▶ **Your task**
Output only the lines below that start at the line containing "Indraprastha World School, Paschim" and end at the line containing "Apartment Stepanska Prague Exterior photo", with both ends kept.

▶ **Material to process**

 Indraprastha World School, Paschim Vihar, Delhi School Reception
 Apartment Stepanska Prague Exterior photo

...

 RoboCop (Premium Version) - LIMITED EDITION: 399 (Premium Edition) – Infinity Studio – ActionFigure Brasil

▶ **Your response**
 Indraprastha World School, Paschim Vihar, Delhi School Reception
 Apartment Stepanska Prague Exterior photo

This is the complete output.